# Experienced mommy looking for new babies in Tacoma WA area!



## VetTechRatMomma (May 24, 2015)

Hey guys! 

So, If you've seen my other post about having a pet ratty with a crazy work schedule, you'll know that I had to leave my baby boy Ashe back in Ohio when I moved back home. I'm finally settled and in a good place to finally fill my little ratty void-ed heart. I would go to a pet store and buy a couple from there since they're so cheap, but I would much rather take some babies off of someone else's hands. 

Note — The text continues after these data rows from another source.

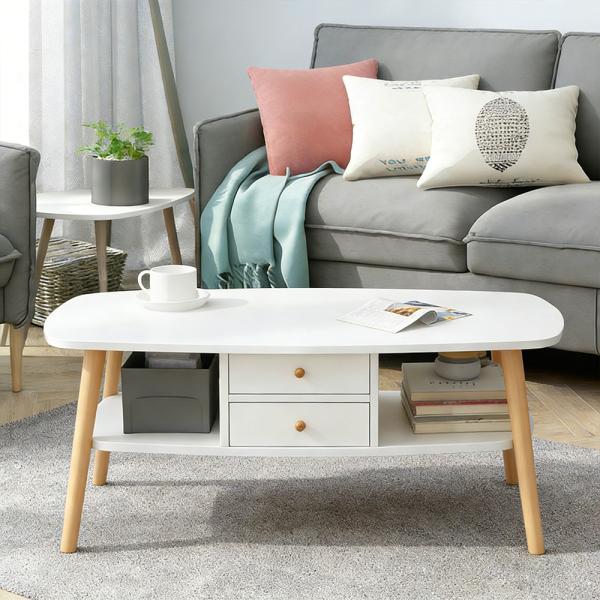 Muxing  Couchtisch Wohnzimmermöbel Couchtisch mit Schubladen kleiner Couchtisch schlichter Couchtisch 100*50*42cm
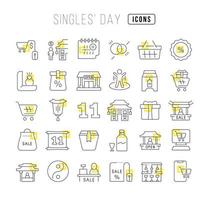 Set of linear icons of Singles Day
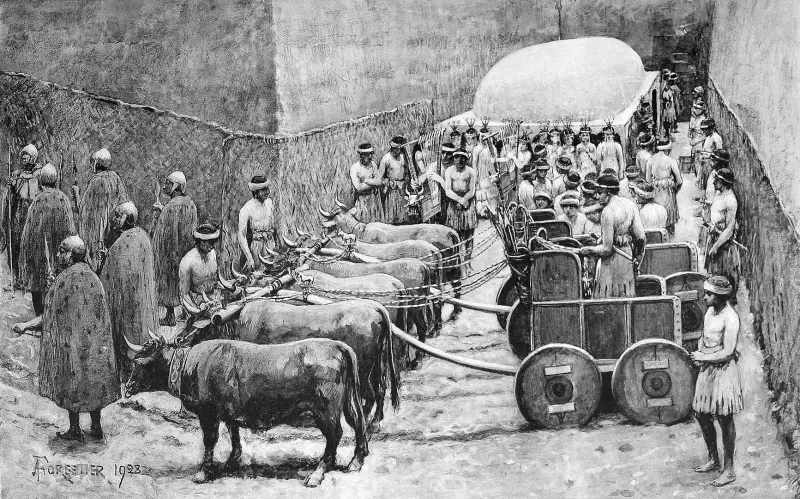 Реконструкция погребальной процессии захоронений шумерских правителей Ура , фото 1928г.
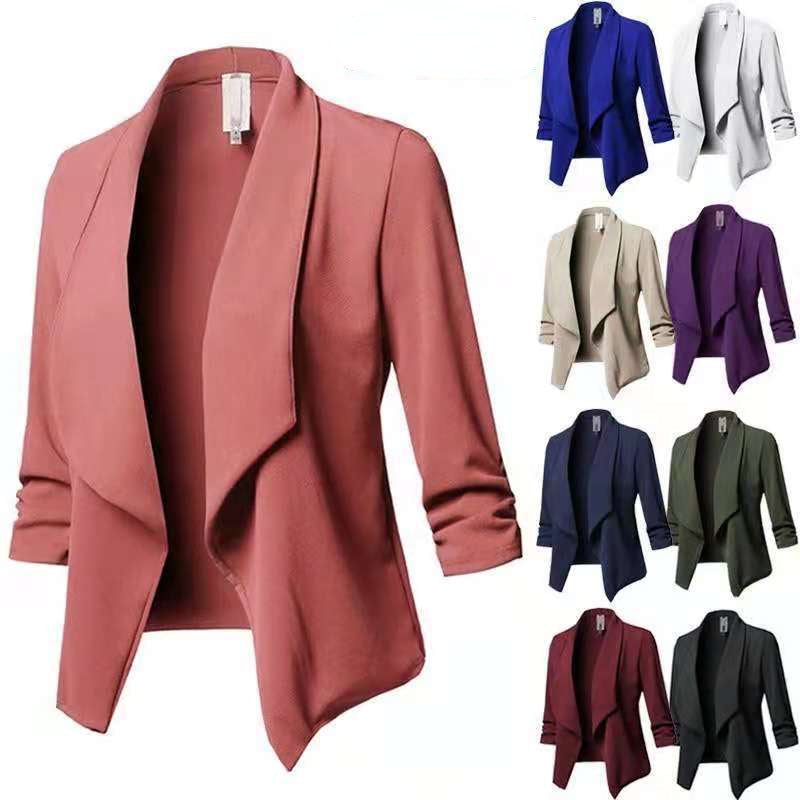 Laddymoda NOUVEAU Oversize Bureau Dames Col Cranté Femmes Blazer Solide Veste d’automne Manches plissées Casual Costume Féminin Manteau 10 Couleurs
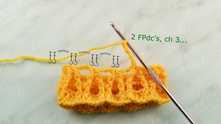 As in the previous row: 2 FPdc, ch 3 across the row.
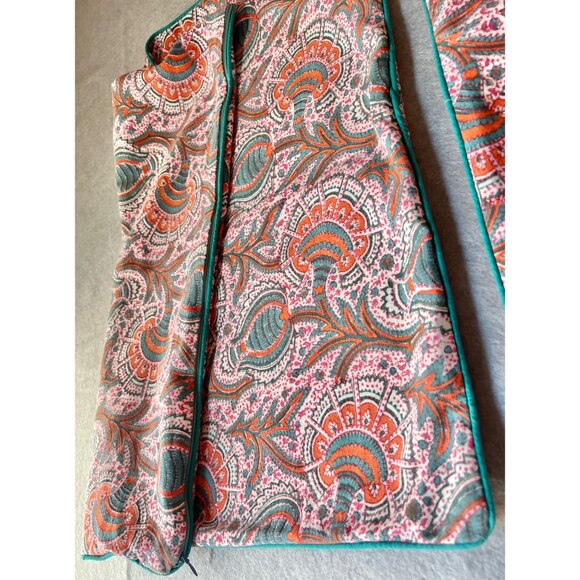 Roberta Roller Rabbit Floral Pillow Covers Pair 22" X 21.75" Orange Green Cream - Picture 3 of 9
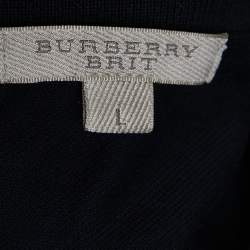 مملوكة مسبقًا تي شيرت بولو بربري بريت قطن بيكيه أسود كاروهات نوفا مقاس كبير - لارج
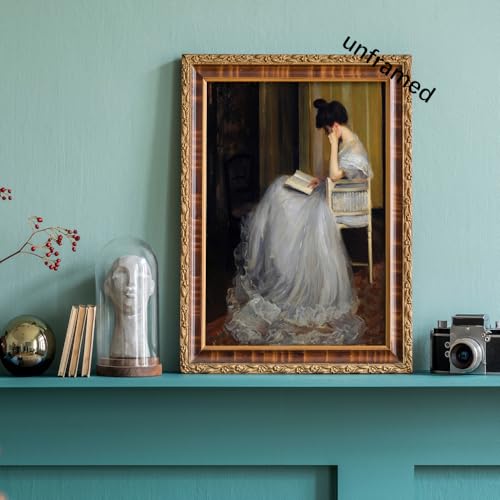 uoyien Vintage French Victorian Wall Art Famous Artwork Woman Reading Portrait Oil Painting Dark Academia Aesthetic Print 19th Century Antique Poster Retro Gallery Bedroom Decor 12x16in Unframed - color: Off-white, size: 12x16in Unframed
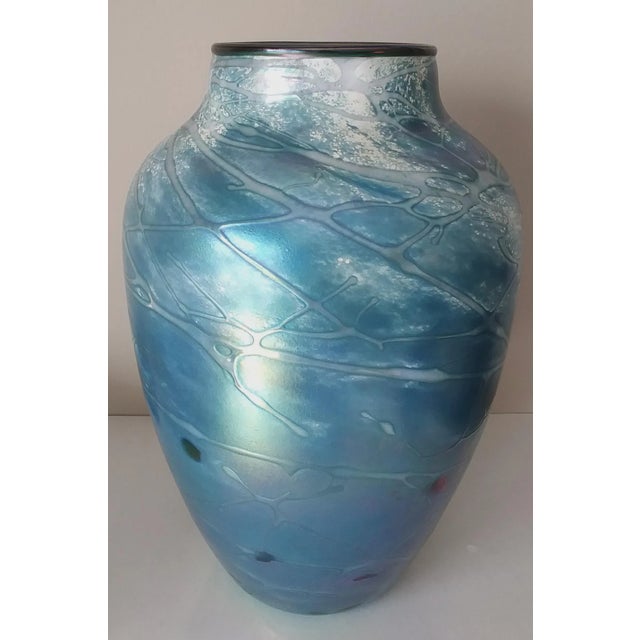 Glass Tom Stoenner Art Glass, Hand Blown Large Luster Vase, 1998 - Signed and Dated For Sale - Image 7 of 7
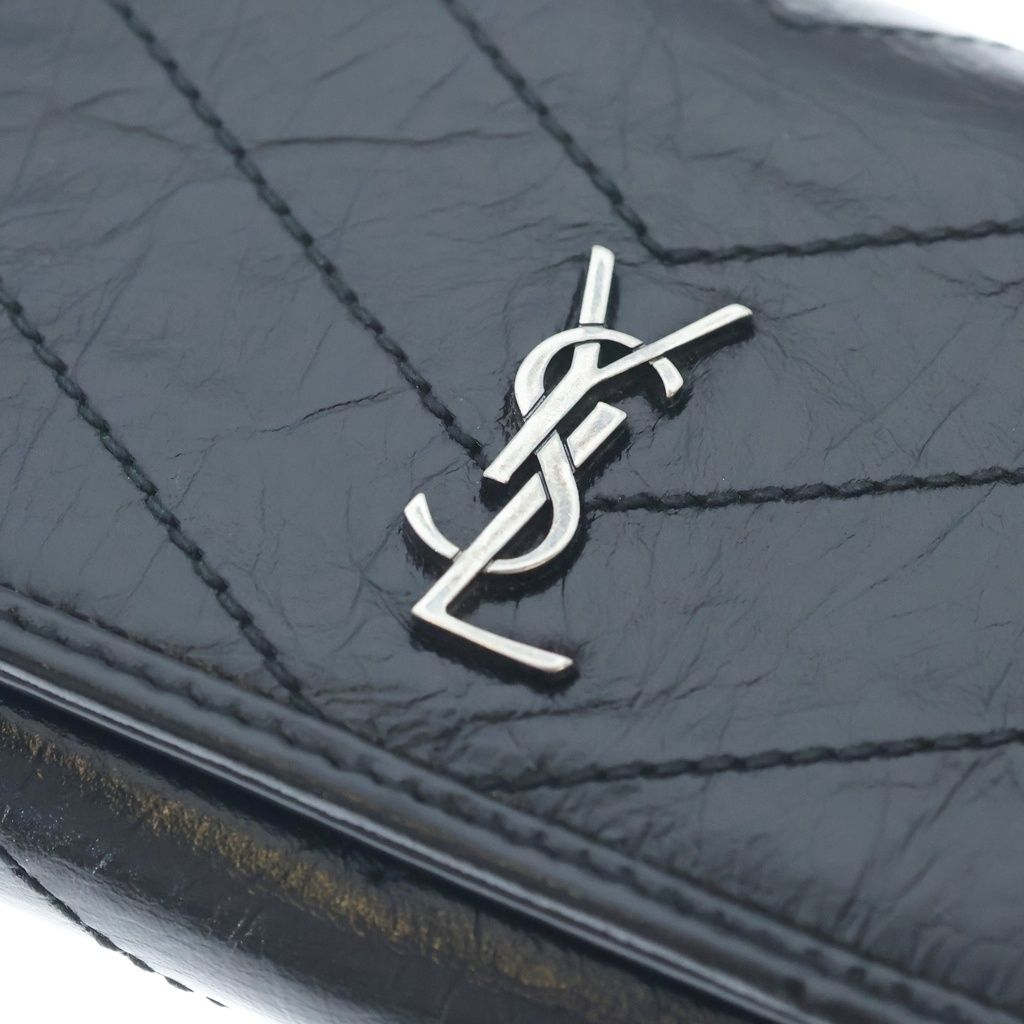 Saint Laurent Paris Cassandra Trifold Wallet Compact Coin Purse Black Leather — view 6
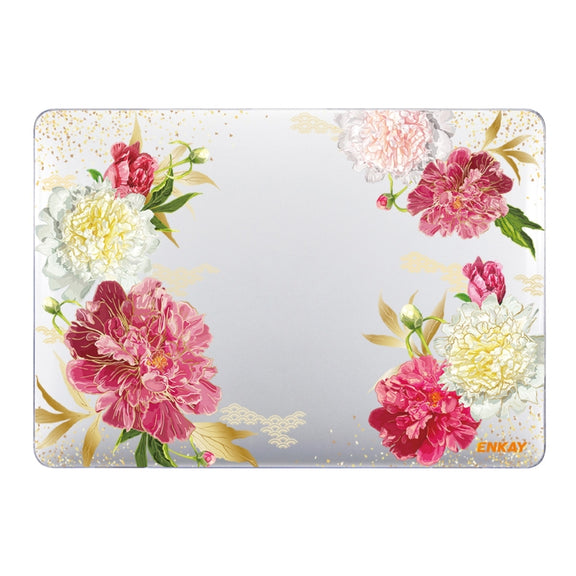 ENKAY Flower Series Pattern Laotop Protective Crystal Case for MacBook Pro 16 inch A2141(Paeonia)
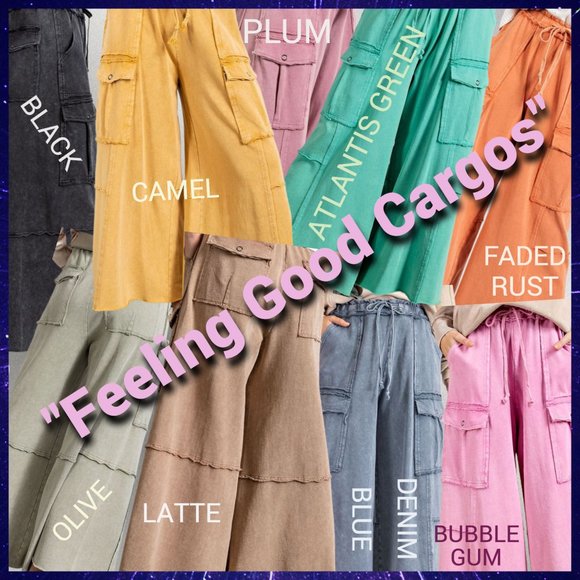 EASEL “Feeling Good Cargos” Mineral Washed Flared Leg, Raw Seams & Hems, Pockets - Picture 12 of 12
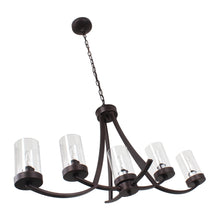Ida Inverted Pendant Chandelier Farmhouse Clear Glass 5-Light Bronze 35" Wide Ceiling light by Chloe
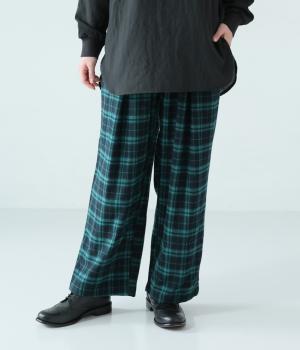 タータンチェック風ストレートタックパンツ(グリーン-F)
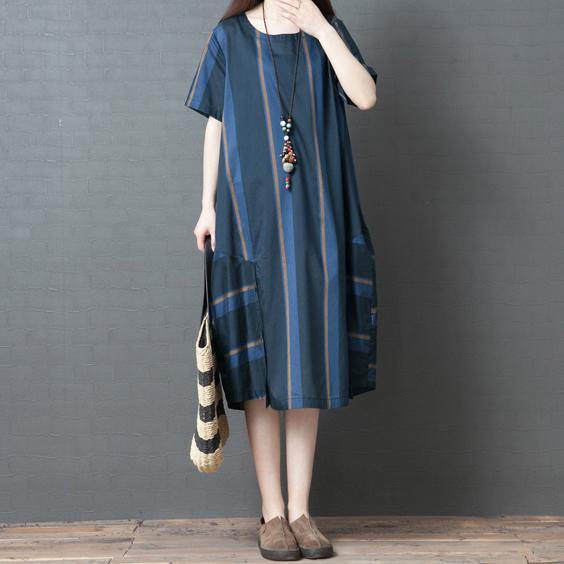 French striped cotton Wardrobes Sewing blue Plus Size  Dress summer - Omychic
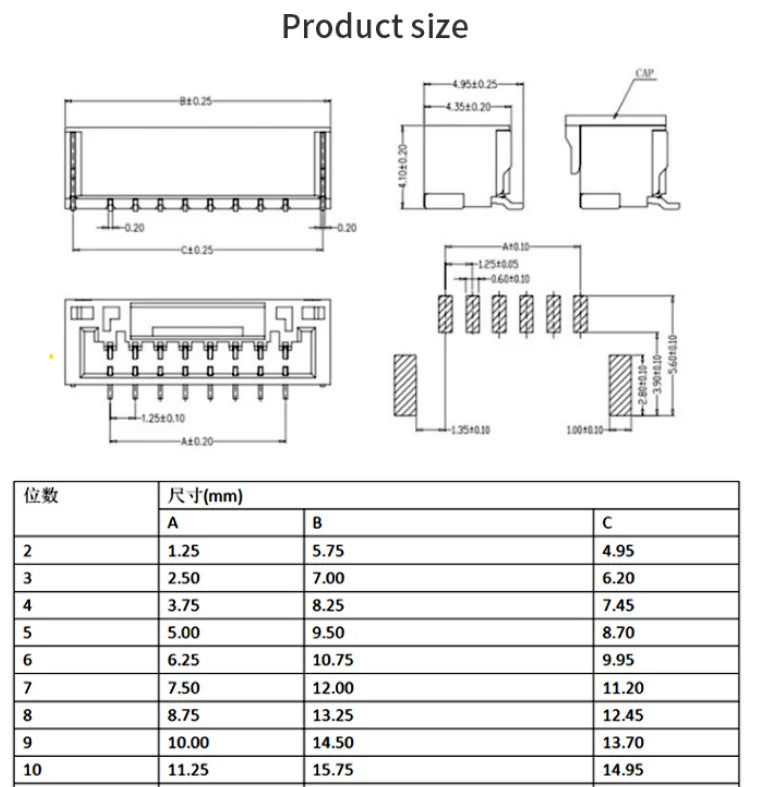 440pcs GH1.25 2p 3p 4p 5p 1.25mm Pitch Terminal Kit / Housing / SMD Pin Header Connector Wire Adaptor GH Kits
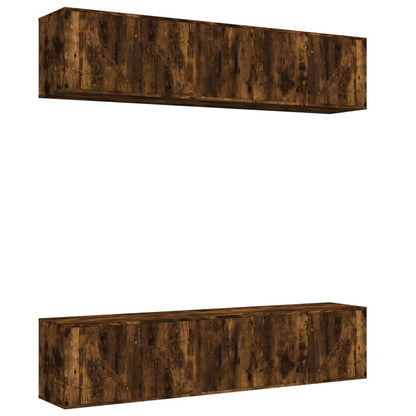 vidaXL 6 Piece TV Cabinet Set Smoked Oak Engineered Wood 2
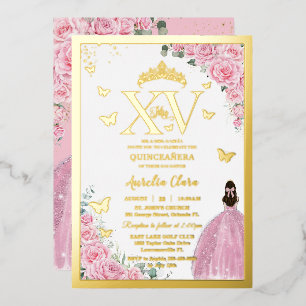 Invitación Con Relieve Metalizado Rosas de color rosa claro Quinceañera Mis XV de or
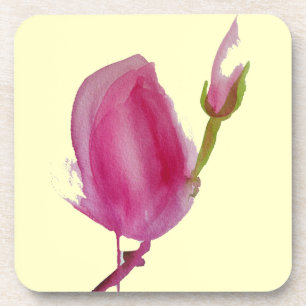 Dessous-de-verre Art de fleur d'aquarelle de magnolia rose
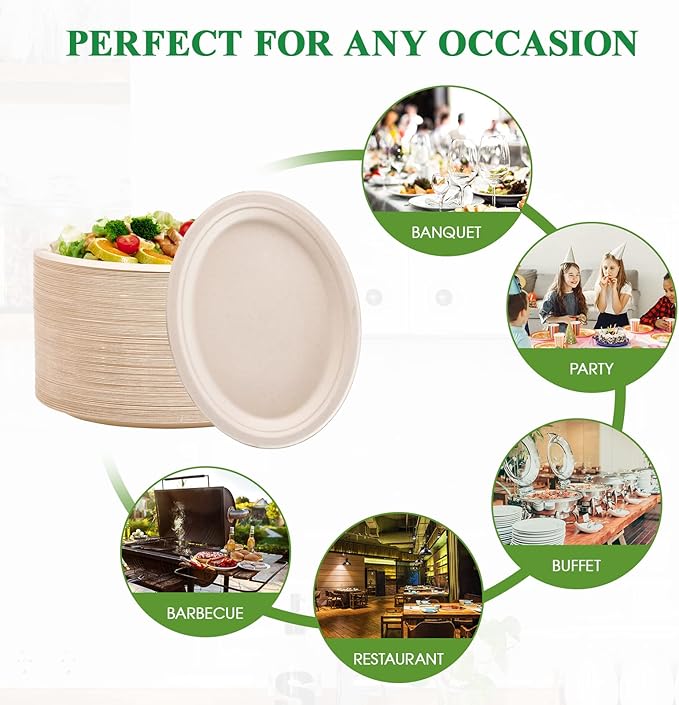 Vplus 100% Compostable Oval Paper Plates 10 inch 125 Pack Super Strong Disposable Paper Plates Bagasse Natural Biodegradable Eco-Friendly Sugarcane for BBQ, Party, Gathering, and Picnic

I'm looking for two rats ideally. I would rather same-sexed pairs since I know that neutered/spayed ratties are much more expensive and getting them neutered/spayed can also run a little pricey. Unfortunately, I don't have much to spend on the rats themselves, as I would need to buy a cage and such still if it isn't included. My absolute most would probably be $100. So if I can only buy one baby from you, that's fine by me. I can most certainly come back later when I have a little more to spend! I would like to buy a baby, as it's easier to acclimate them to my hectic schedule and bond with them. But I'm not opposed to taking an older rat too! I live in the South Hill/Graham area of Tacoma WA and can meet someone as far as Downtown Tacoma. 

So, just to recap, cuz I know that's a lot of text:

Two rats, ideally. But I'll take only one if I have to!
$100 limit for the babies themselves. Of course, If you're wanting to get rid of their cage, toys, food, etc also I will pay more!
Prefer babies, but will take older rats too.
Same sex pairs unless you're looking to pretty much give away your spayed/neutered furries.
In the Tacoma/ South Hill/ Graham area of Washington.
I will also be posting an ad on Craigslist if you're more comfortable contacting me through there. I will add the link right [----here---] when I get it up.

Thank you so much!


----------